Rakocevic: Claims by the Museum in Pec about the Patriarchate of Pec are a scientific, practical, and public absurdity

Živojin Rakočević
Source: Kosovo Online

Journalist and writer from Gracanica Zivojin Rakocevic described the claims by the Museum in Pec that the Patriarchate of Pec “represents a complex of original pre-Romanesque and Byzantine churches that were systematically transformed into Raska-Serbian Orthodox churches” as a scientific, practical, and public absurdity.

Rakocevic questioned those responsible in the Kosovo education system about what they are doing to their own children.
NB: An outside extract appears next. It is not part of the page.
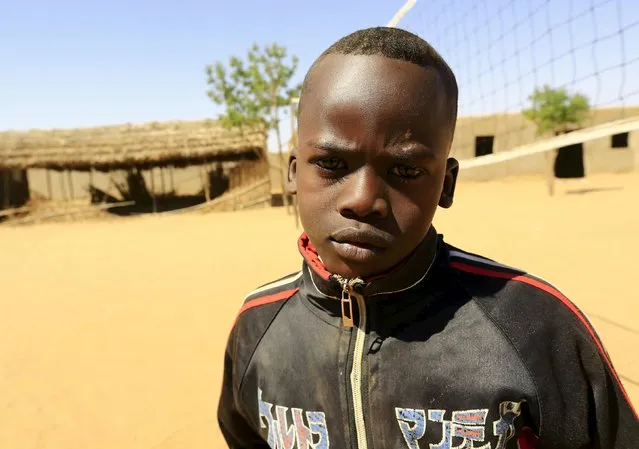 Yousif Abdu Al Rahman poses for a photograph in Aboshouk camp in Darfur, Sudan, November 17, 2015. Born in the camp, 12-year-old Yousif wishes to be an engineer or a journalist in his adulthood. (Photo by Mohamed Nureldin Abdallah/Reuters)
“The key question is, therefore, what are you, ladies and gentlemen, doing with your children and what are you, ladies and gentlemen, doing to your children? How is it possible that you explain in such a way something that they see completely differently? And how is it possible that you have convinced yourselves and them of the idea that the Patriarchate of Pec is something other than what it is? This is a fatal story about the tragedy in the Balkans. It is a fatal story about compensating for your own complexes and shortcomings by lying to your children, by falsifying the truth to your children. These messages are constantly repeated, especially since March 17, 2004, when it was realized that Serbian cultural heritage in Kosovo and Metohija is such that it cannot be destroyed, so it must instead be appropriated,” Rakocevic emphasized in a statement to Kosovo Online.
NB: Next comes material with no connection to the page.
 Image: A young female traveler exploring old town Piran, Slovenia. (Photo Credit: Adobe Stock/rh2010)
He pointed out that when taking something that belongs to others, justification must be found.

“In order to take something and claim what is not yours, you must have some kind of justification. Now children in Kosovo and Metohija are being told that Serbs took and transformed Albanian, or Illyrian, or Arber monuments. That is an absolute scientific absurdity. It is a practical absurdity, it is a public absurdity. Yet since March 17, 2004, it has been promoted with great effort in the media, in schools, and in politics. Because how is it possible that something that was never yours in any sense, you suddenly tell your children: ‘This is yours’? That is where conflict is born. Essentially, that is where conflict begins. Because that child will grow up. And that child will say to those who live there, in those churches, in those monasteries, in those communities: ‘They took it from us. We will take it back.’ That is very, very dangerous. And I believe that, unfortunately, good ideas of learning and understanding are being destroyed by bad teachers,” Rakocevic concluded.

As a reminder, students of the “Rifat Gjota” Technical High School, organized by the Archaeological Museum in Pec, visited the Patriarchate of Pec, which was presented as a “complex of original pre-Romanesque and Byzantine churches that were systematically transformed into Raska-Serbian Orthodox churches.”